Release notes for json-schema-rs
When to use
Apply this skill when the user:
- •Asks for release notes, a release summary, or "what's in this release"
- •Wants to summarize a specific version or tag
- •Is preparing release text for a new version of the library
Resolve the tag to summarize
- •User specified a version or tag (e.g.
v0.0.4,0.0.4): Use it. Normalize to the actual tag name if needed (e.g. if tags arev0.0.4, use that form). - •User did not specify: List tags with version ordering, then ask which tag to summarize.
List tags (newest first):
git tag -l --sort=-version:refname
Or oldest first:
git tag -l --sort=version:refname
Present the list and ask the user which tag to summarize (e.g. via AskQuestion or a clear prompt).
Commit range
- •Previous tag: In the version-ordered list, the tag immediately before the chosen tag is the "previous" tag.
- •First or only tag: If the chosen tag is the first (or only) tag, there is no previous tag; commits are from repo start through the chosen tag.
- •Range: Collect all commits after the previous tag through and including the requested tag.

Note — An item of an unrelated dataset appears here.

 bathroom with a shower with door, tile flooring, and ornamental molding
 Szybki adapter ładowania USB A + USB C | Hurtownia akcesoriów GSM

In Git terms:
previous_tag..requested_tag(excludes previous_tag, includes requested_tag). For the first tag, use the chosen tag as the range (e.g. all commits reachable from that tag).
Gathering commits
Overview (one line per commit):
git log previous_tag..requested_tag --oneline
Full commit messages:
git log previous_tag..requested_tag
For the first tag (no previous tag):
git log requested_tag --oneline git log requested_tag
Merge commits and conventional-commit style messages are both in scope; use them to understand what changed.
Optional deep dive
If a commit message is vague or critical (e.g. "fix codegen"), run git show <commit> to see the diff and summarize what actually changed. Use this when it would make the release description more accurate or useful.
Writing the release description
Audience: Developers considering or using the library; developers scanning "what's new" per release.
Style:
- •Succinct and insightful; no fluff.
- •Group by theme where it helps (e.g. Codegen, CLI, Docs, Fixes).
- •Use bullet points or short paragraphs.
Content:
- •What changed and why it matters to users: new behavior, fixes, breaking changes, dependency or version bumps.
- •Synthesize; do not list every commit. Focus on user-facing impact and clarity.
The result should be suitable for GitHub/Git release notes and helpful to anyone evaluating or upgrading the library.
Output format
- •Default: Present the release notes directly in the chat. Do not write them to a file unless the user explicitly asks for a file (e.g. "write to RELEASE_NOTES.md", "save to a file").
- •Copy-pasteable: When presenting in chat, format the release notes as easy copy-pasteable markdown (e.g. in a fenced code block with
markdownlanguage hint) so the user can grab the raw markdown.